Anthropology and Archaeology

Students of archaeology and anthropology at Hampshire College engage in a study of the dimensions of humanity.

Through courses in physical and cultural anthropology, students learn anthropological models and methodology, which provide the groundwork for the pursuit of informed, integrative independent research.

By combining coursework in the natural sciences and social sciences, anthropology students are exposed to field work and laboratory analysis.


Student Project Titles

  • Four Days in the Valley: the Archaeology and Oral Histories of
    Downtown Chaco
  • Turkce and Deutsch Places: Agency, Resistance, and Ethnographic Thickness in the Voices of Second Generation Turkish Women in Berlin, Germany
  • Downtown Chicks: Youth Prostitution, Homelessness, and the Comodification of Sex in Las Vegas, Nevada
  • Rhizomes, Sponges, and Icebergs: An Ethnography of the Unemployed Workers' Movement of La Matanza
  • Health Disparity: Diabetes and African-Americans in Boston
  • Breaking Bread: A Portuguese-American Baker Negotiates Work and Family
  • What it Feels Like for a Girl: Black and Mixed-Race Women's Identity Construction

Sample First-Year Course

Sex, Death, and Teeth: Life Stories Recorded in Teeth

In this project-focused course we will research how teeth provide insights into health, nutrition, diet, and origins. Teeth develop in utero and during early life, and then are nearly inert. Because teeth grow somewhat like trees (teeth also have growth rings), one can use teeth as windows onto past lifetimes and geological times. We will learn how to read the record of nutrition and health from tooth size, shape, and chemistry. Examples of hands-on projects include gender differences in prenatal nutrition among the Maya, lead pollution in contemporary Egypt and Mexico, and the geographic origin of enslaved Africans.

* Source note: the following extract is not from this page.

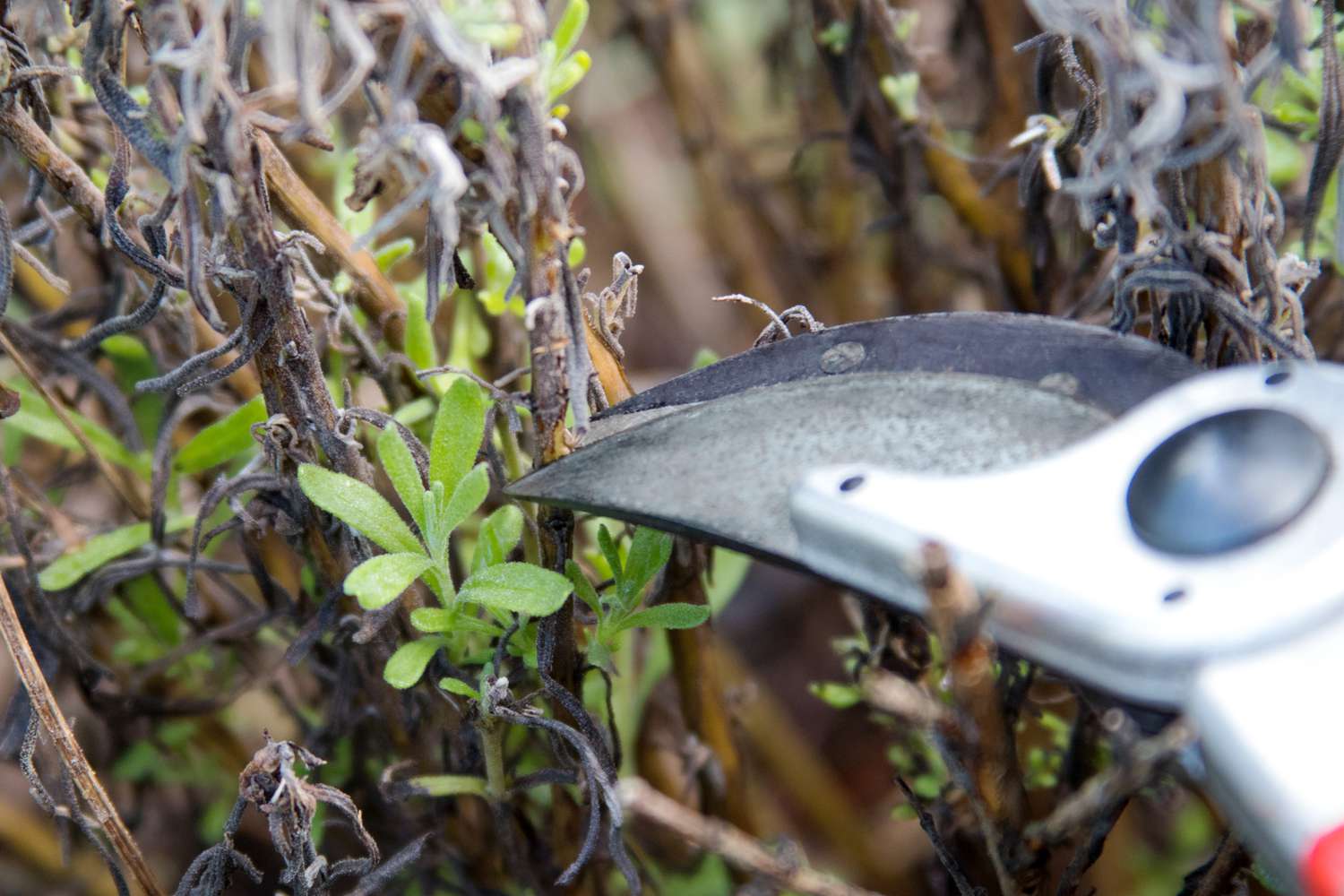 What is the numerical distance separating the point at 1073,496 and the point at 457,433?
0.26 m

This course is particularly recommended for students with interests in anthropology, archaeology, public health, and nutrition.

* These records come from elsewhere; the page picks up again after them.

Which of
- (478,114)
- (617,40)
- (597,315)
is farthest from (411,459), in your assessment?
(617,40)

Sample Courses at Hampshire

  • The Anthropology of Human Rights
  • Anthropology of Mass Media in Late Capitalism
  • The Anthropology of Violence
  • Bioethics/Post-Genomic Age
  • Body, Guts, Bones
  • Creating Families
  • Critical Ethnography
  • Culture, Mind, and Brain
  • Culture, Religion and Environmentalism
  • Disease, Famine, and War
  • Europe and the World (1500-1800): Travelogues, Colonization, Ethnography
  • Gifts, Sex, and Commodities
  • Global Ethnography
  • Intro to Ethnomusicology and Music Ethnography
  • Music and Ritual
  • Nutritional Anthropology
  • Sex, Death, and Teeth: Life Stories Recorded in Teeth
  • Socially Engaged Buddhism
  • Storytelling, Mind, and Culture
  • Who Owns Culture?
  • Women and Politics in Africa

Through the Consortium

  • The Anthropology of Food (AC)
  • Anthropology of Museums (SC)
  • Archaeology and Prehistory (UMass)
  • Cultural Performances (MHC)
  • Evolution and Culture (AC)
  • History of Anthropological Theory (SC)
  • Human Diversity (AC)
  • Human Nature (UMass)
  • Medical Anthropology (MHC)
  • Research Methodology (UMass)

Facilities and Resources

Five College Collaboration

The study of anthropology is greatly enriched by the presence of a large and varied range of scholars across Five College consortium who meet regularly, share their research, and lecture in each other's classes.

As part of a wider collaborative effort to expand the opportunities for undergraduate study and field work in medical anthropology and related areas, the anthropologists helped to develop a Five College Certificate Program in Culture, Health, and Science.

A major collaboration is a day-long Five College symposium each year in which undergraduates present their research to the faculty and to their peers at all the campuses.

Field Studies

Through the University of Massachusetts Amherst's department of anthropology, Five College students are able to participate in local archaeological digs each summer or enroll in the field program in European studies. The field studies training program works on the principle of small group collaborative learning. Participants move through a three-semester course sequence as a group, sharing their ideas and experiences with each other. In this way, participants learn from each other and the faculty instructor who guides them through the process from beginning to end.

Participants are free to choose the research site and topic that most suits their interests. Students develop these ideas into full-fledged research projects—taking the project through the various stages of design, data collection, analysis, and report/publication. The idea is to experience the challenge of individual field research with the advantage of close guidance and support.

Five College Certificate Programs

Dependent upon individual academic focus, concentrators at Hampshire in anthropology or archaeology may also qualify for the Five College Certificate Programs in Culture, Health, and Science, Native American Studies, African Studies, or Latin American Studies.